§ About this task: Print the records below exactly, starting at the first line and stopping after the line that contains "For Sale: $210,000". Leave out any pictures.

[Records contained in a dataset]

____________________

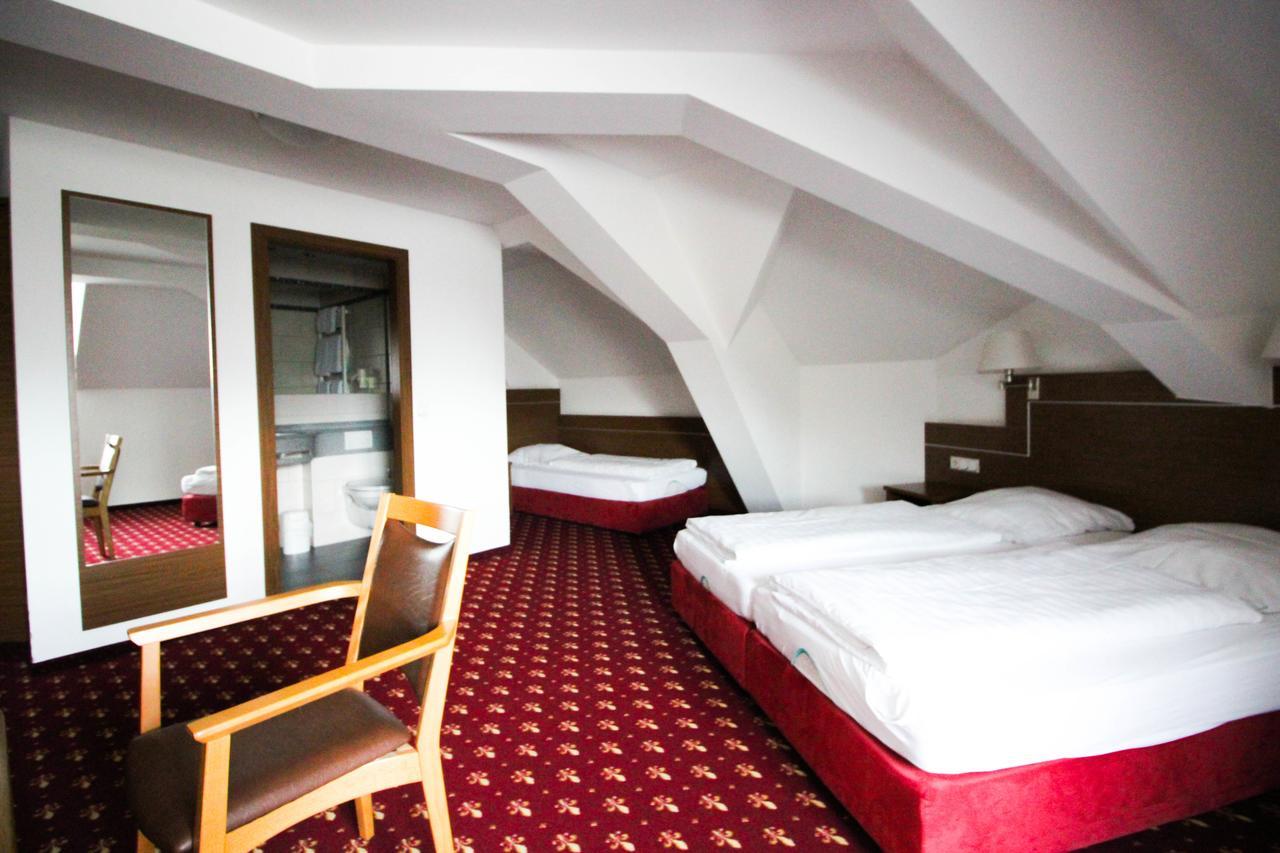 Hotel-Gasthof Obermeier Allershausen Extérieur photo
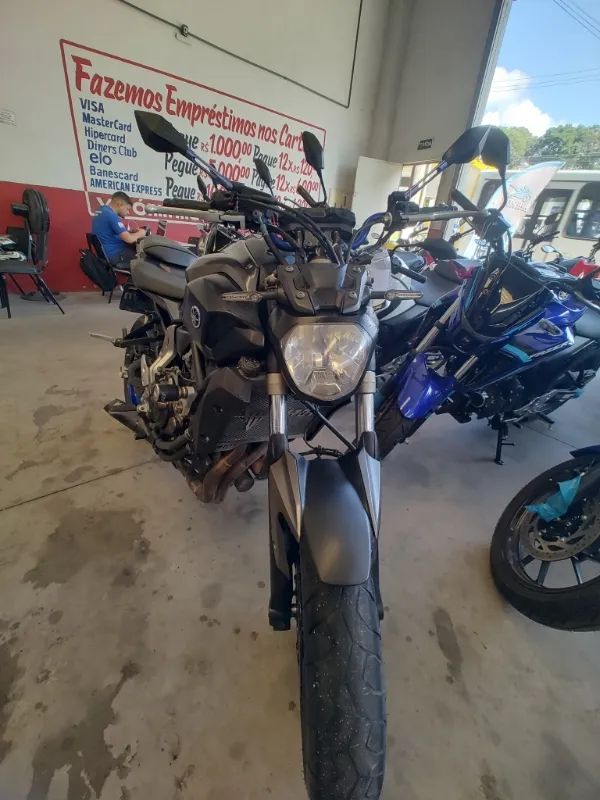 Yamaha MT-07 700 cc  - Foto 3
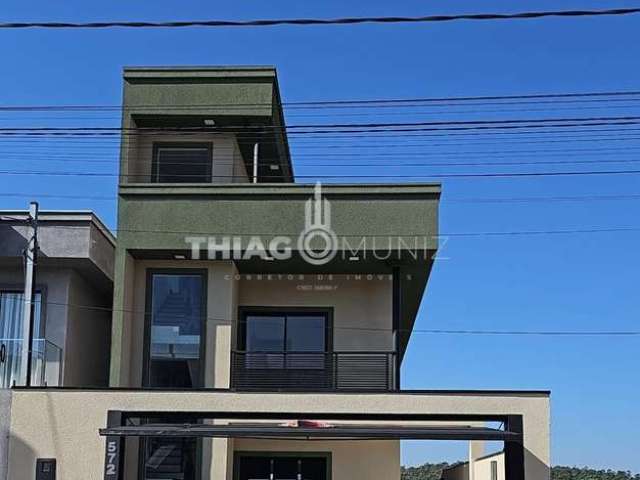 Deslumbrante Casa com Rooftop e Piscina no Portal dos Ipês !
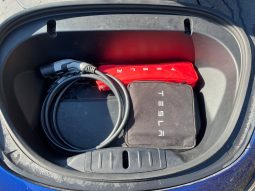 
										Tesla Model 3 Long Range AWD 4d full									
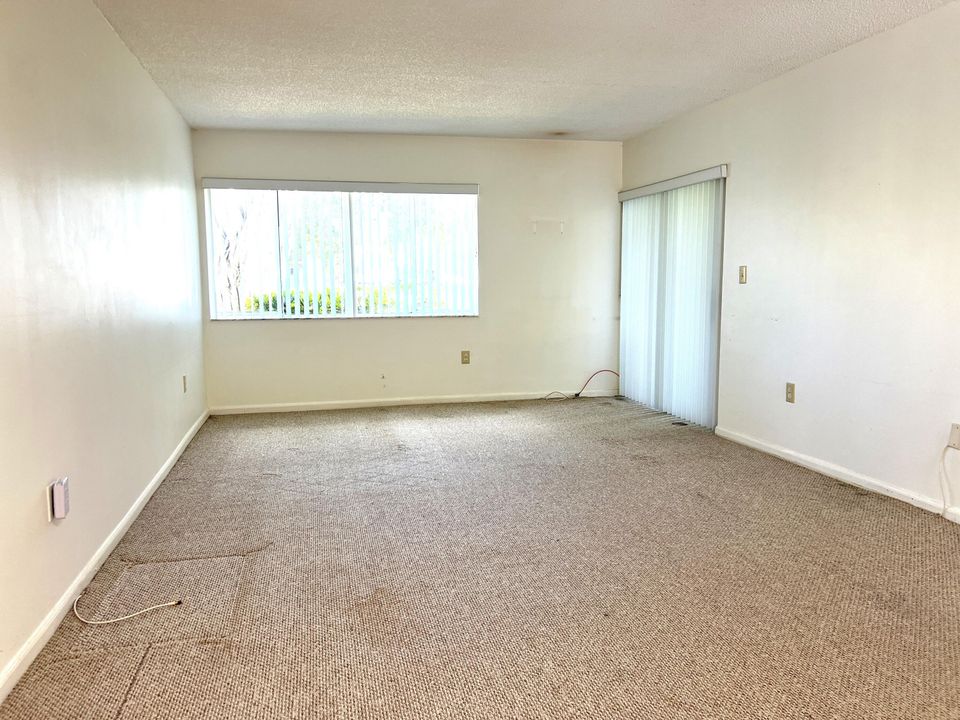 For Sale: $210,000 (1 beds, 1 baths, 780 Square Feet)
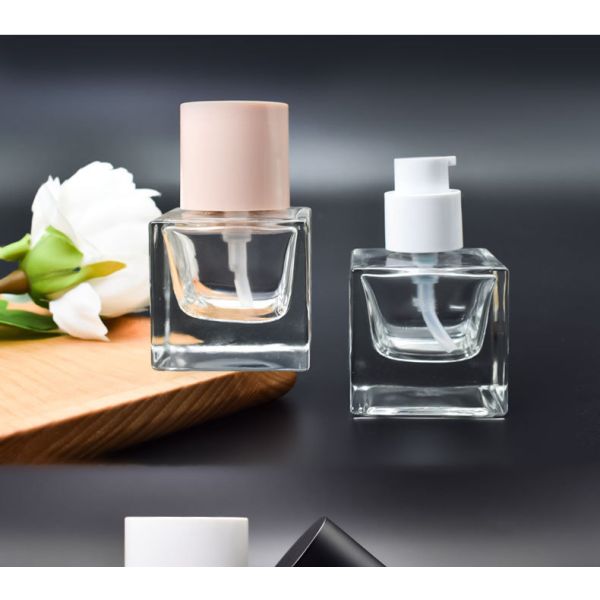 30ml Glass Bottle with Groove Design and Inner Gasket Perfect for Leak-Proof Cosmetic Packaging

____________________

§ Response to this task:
 Hotel-Gasthof Obermeier Allershausen Extérieur photo
 Yamaha MT-07 700 cc  - Foto 3
 Deslumbrante Casa com Rooftop e Piscina no Portal dos Ipês !
										Tesla Model 3 Long Range AWD 4d full									
 For Sale: $210,000 (1 beds, 1 baths, 780 Square Feet)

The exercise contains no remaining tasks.